**Exercise objective:**
Restate word for word the section of the entries that opens at the line containing "What is going" and closes at the line containing "Of course, SmartPak", both lines kept, pictures dropped.

Material for this exercise Start Marker

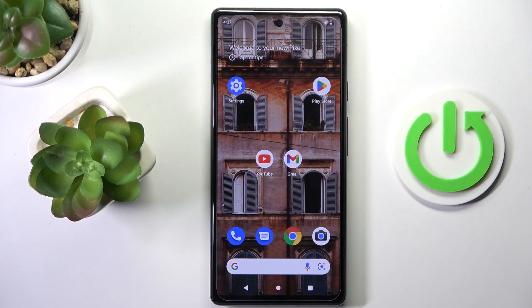Hi guys, in front of me is the Google Pixel 6a, and let me show you how to perform a soft reset of this device.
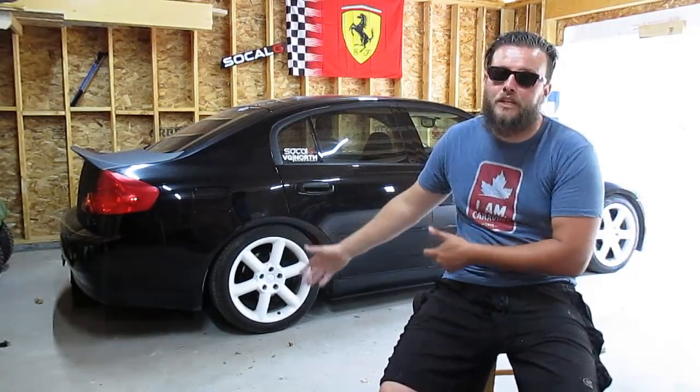What is going on YouTube? It is your boy Denali aka Don Squally back at y'all with another G35 video. As you guys can probably tell from the title of this video, we are finally starting with the vented hood project for the six-speed G35.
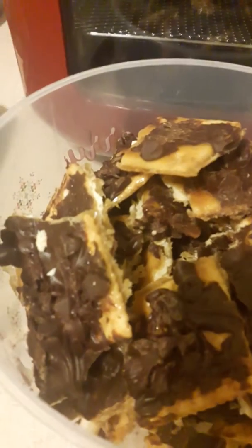Let it all sit together at least two hours because you want it to get good and set. Then you break it apart on a flat surface and dig in like I have been doing! Warning — these are addictive! Y'all have a really blessed rest of the night. I'll see you on the next video — please like, share, subscribe. I love you all, bye!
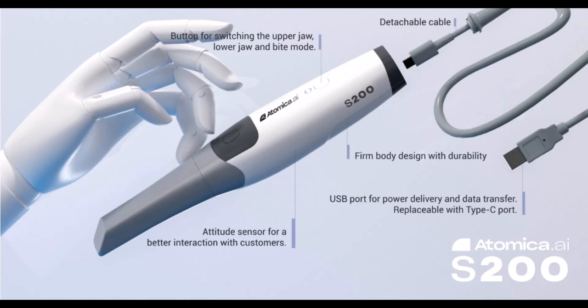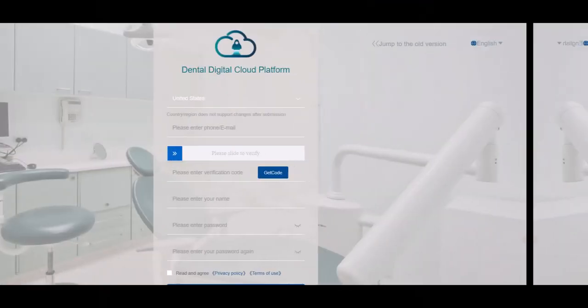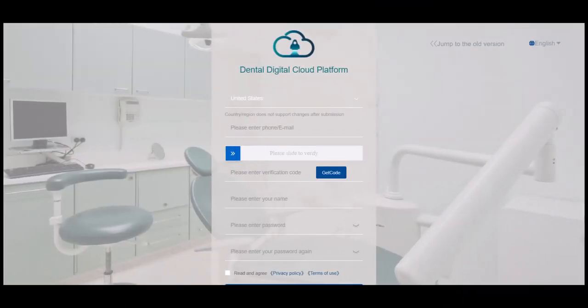Once you connect the scanner to the laptop, it's automatically connected with no need for further calibration. Now let's head to the scanner software. Once you install the software, you can sign up to the digital oral data management platform, where all your data can be saved on a cloud base.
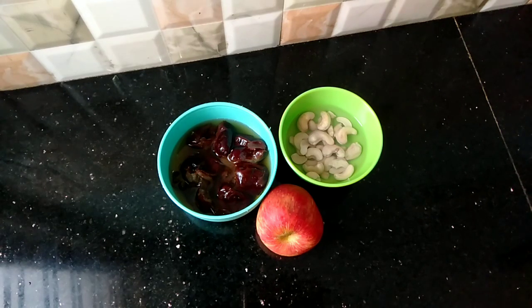I will remove the seed from the dates and then add 2 cups of milk, then add 1 more cup of milk.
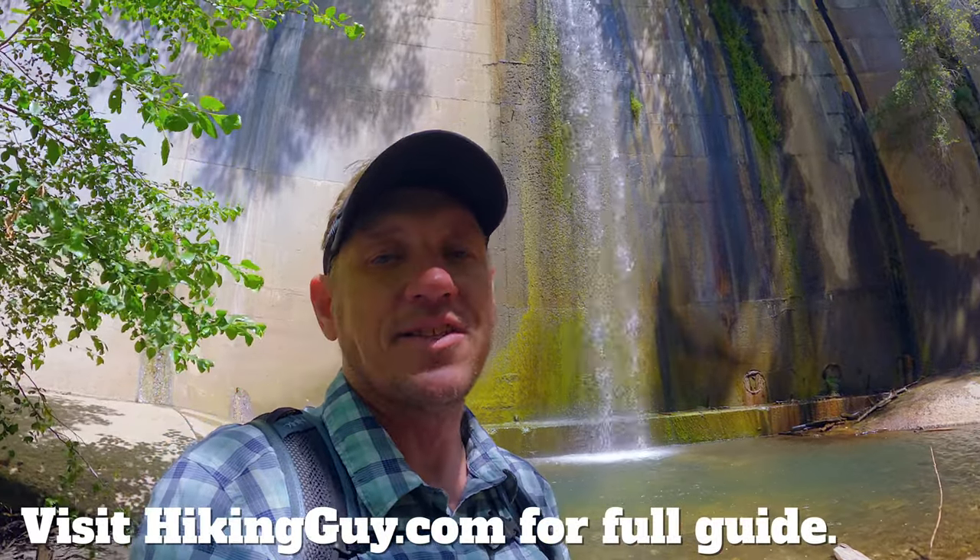Now like I said, seven and a half miles to the dam, relatively flat. I'll have all the directions, maps, and parking information on hikingguy.com. If you're not familiar with the channel, that's the website. Go there before you come so you can get all the information to do the hike safely.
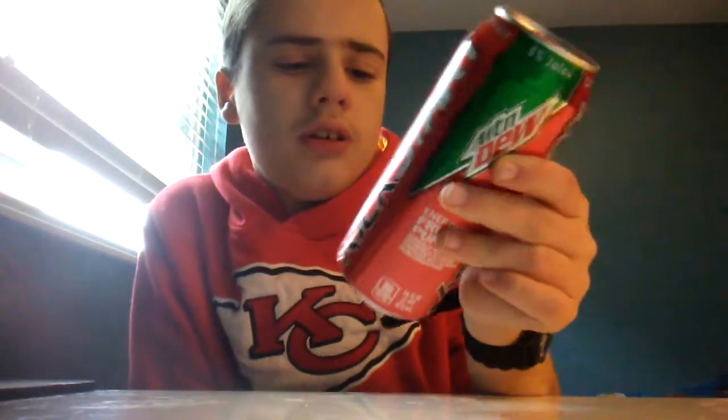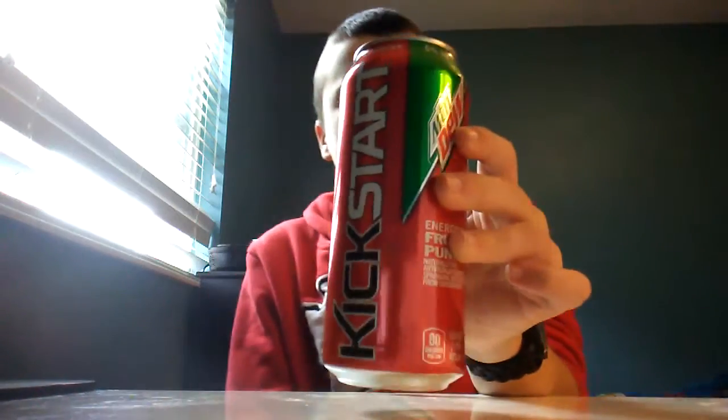This is Mountain Dew Kickstart, the Fruit Punch flavor. I do like Mountain Dew Kickstart.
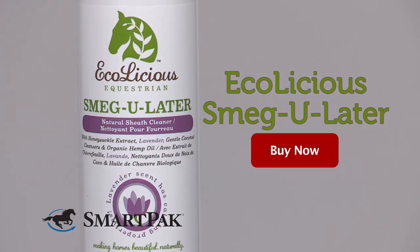Of course, SmartPak advises asking your veterinarian about the most appropriate frequency and method for cleaning your horse's sheath. I'm Jessica, and Echolicious Smegulator makes sheath cleaning more pleasant for you and your horse.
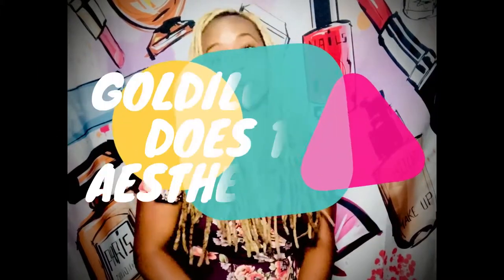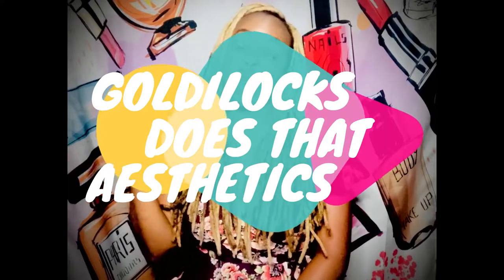Hey guys, this is Goldilocks Does That and this is my channel Goldilocks Does That Astonix. Here we talk about plastic surgery and body modification — basically getting you from the body you have to the body you want.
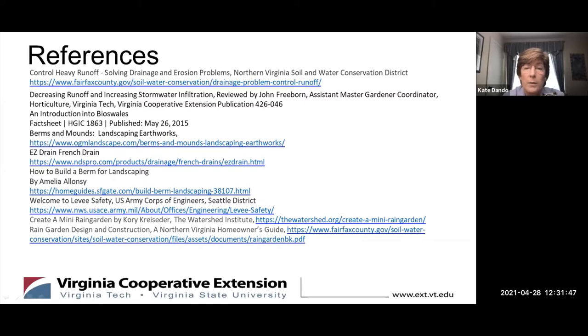I hope that you find some of this information on managing water on your property helpful. Does anybody have any questions for me at this time?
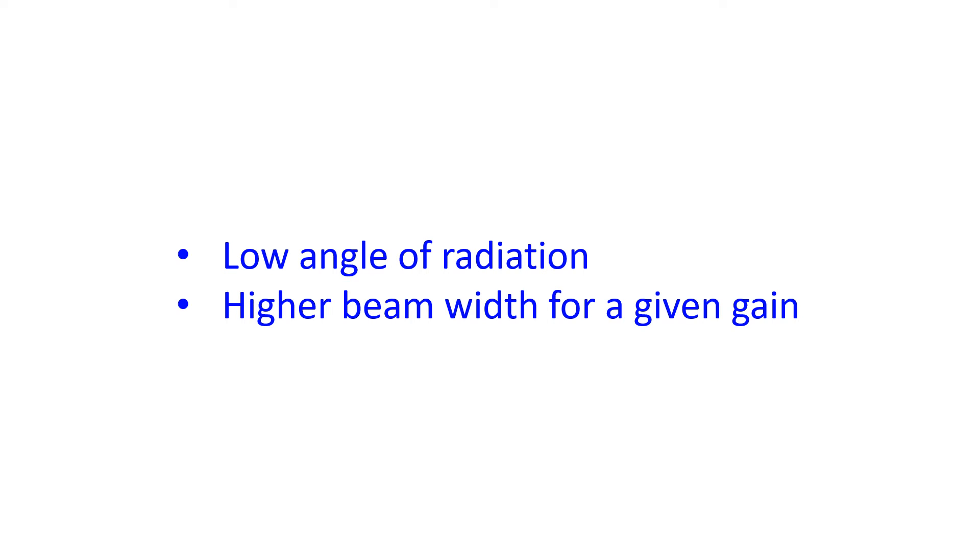Recently I saw a Twitter post of a 2-element 10 meter delta loop antenna. The reflector element was bigger than the driven element, the boom length was 2 meters, and it was fed at the bottom corner.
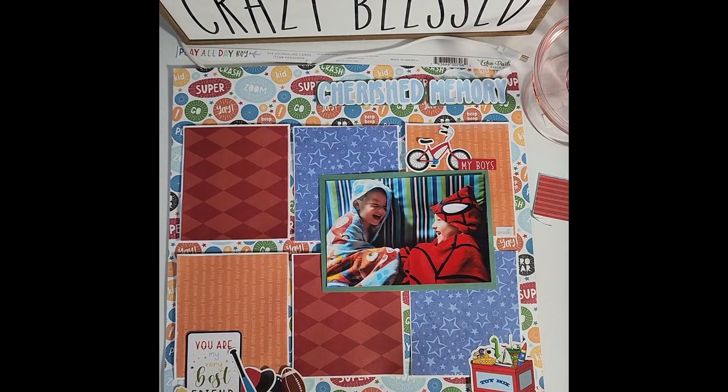Guys, that looks amazing. I'm happy with it. I'll have pictures at the end. Get yourself some scrapbook paper out, don't criticize yourself, and let's get some layout stuff done for these babies. I'll talk to you guys later — bye, everybody!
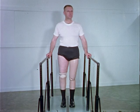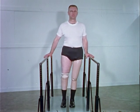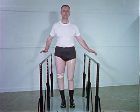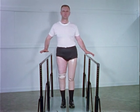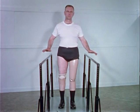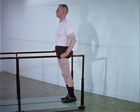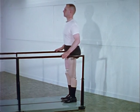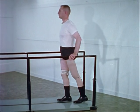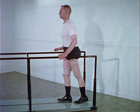Early gait training activities are concerned with learning to balance on the prosthetic legs. With the pelvis and shoulders level, the patient shifts his weight laterally, first with and then without hands, and progresses to balancing on one prosthetic leg. Forward and backward shifting of weight is practiced. The patient advances to shifting his entire body weight onto the forward leg and stepping through with the opposite leg.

Material for this exercise End Marker

**Result of this task:**
What is going on YouTube? It is your boy Denali aka Don Squally back at y'all with another G35 video. As you guys can probably tell from the title of this video, we are finally starting with the vented hood project for the six-speed G35.
Let it all sit together at least two hours because you want it to get good and set. Then you break it apart on a flat surface and dig in like I have been doing! Warning — these are addictive! Y'all have a really blessed rest of the night. I'll see you on the next video — please like, share, subscribe. I love you all, bye!
Once you connect the scanner to the laptop, it's automatically connected with no need for further calibration. Now let's head to the scanner software. Once you install the software, you can sign up to the digital oral data management platform, where all your data can be saved on a cloud base.
I will remove the seed from the dates and then add 2 cups of milk, then add 1 more cup of milk.
Now like I said, seven and a half miles to the dam, relatively flat. I'll have all the directions, maps, and parking information on hikingguy.com. If you're not familiar with the channel, that's the website. Go there before you come so you can get all the information to do the hike safely.
This is Mountain Dew Kickstart, the Fruit Punch flavor. I do like Mountain Dew Kickstart.
Of course, SmartPak advises asking your veterinarian about the most appropriate frequency and method for cleaning your horse's sheath. I'm Jessica, and Echolicious Smegulator makes sheath cleaning more pleasant for you and your horse.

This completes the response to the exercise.